Any particular 1680? There are like 5 variants on newegg.

Though the 1212 looks closer to what I'd need since I don't need oodles of ports though only having 256MB cache seems limiting. I mean my Perc 5 has 512MB and I know it is nowhere near as good.

The reason I was looking at the Adaptec 5805 is because of its dual core chip and 512MB cache. On paper looks like a performer. Also it has a nice price point to it.

Anyone know of any reviews putting some of the high end controllers up against each other?
 
Any particular 1680? There are like 5 variants on newegg.

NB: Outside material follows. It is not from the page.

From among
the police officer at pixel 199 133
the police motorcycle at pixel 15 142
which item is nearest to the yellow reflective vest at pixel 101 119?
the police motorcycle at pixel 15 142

Though the 1212 looks closer to what I'd need since I don't need oodles of ports though only having 256MB cache seems limiting. I mean my Perc 5 has 512MB and I know it is nowhere near as good.
A Pentium D 9xx chip has 4MB of L2 cache ... is it as good as a Core2 E6xx0 with the same 4MB of L2 cache?

Didn't think so.

Seriously, the Areca is a great RAID controller.
 
I was just making sure, I have no idea how the chips on these controllers compare.

That's why I was so curious about the Adaptec. Dual core in a raid controller seems pretty sweet, but so far the majority say get an Areca.

Biggest thing is, I still have no idea which model.

There are so many different variants within a series.
 
You might actually want to consider the new LSI controllers that just came out. There should still be a thread about them on the first page of the storage subforum.
 
Has anyone ever seen benchmarks that show a real benefit of using a dedicated HBA over an onboard solution for RAID 0? Because I haven't, every test I've seen, performance is a wash.
 
Has anyone ever seen benchmarks that show a real benefit of using a dedicated HBA over an onboard solution for RAID 0? Because I haven't, every test I've seen, performance is a wash.
Synthetic benchmarks != desktop application performance. Also, the RAID controllers built into southbridges are garbage when it comes to array integrity. One slight glitch will trash your array in no time.
 
I'm not just talking about synthetic benchmarks, I'm also talking about actual application performance that involves heavy disk use (Photoshop, Premier Pro, ect). I've never seen any benchmarks that shot any difference at all for RAID 0.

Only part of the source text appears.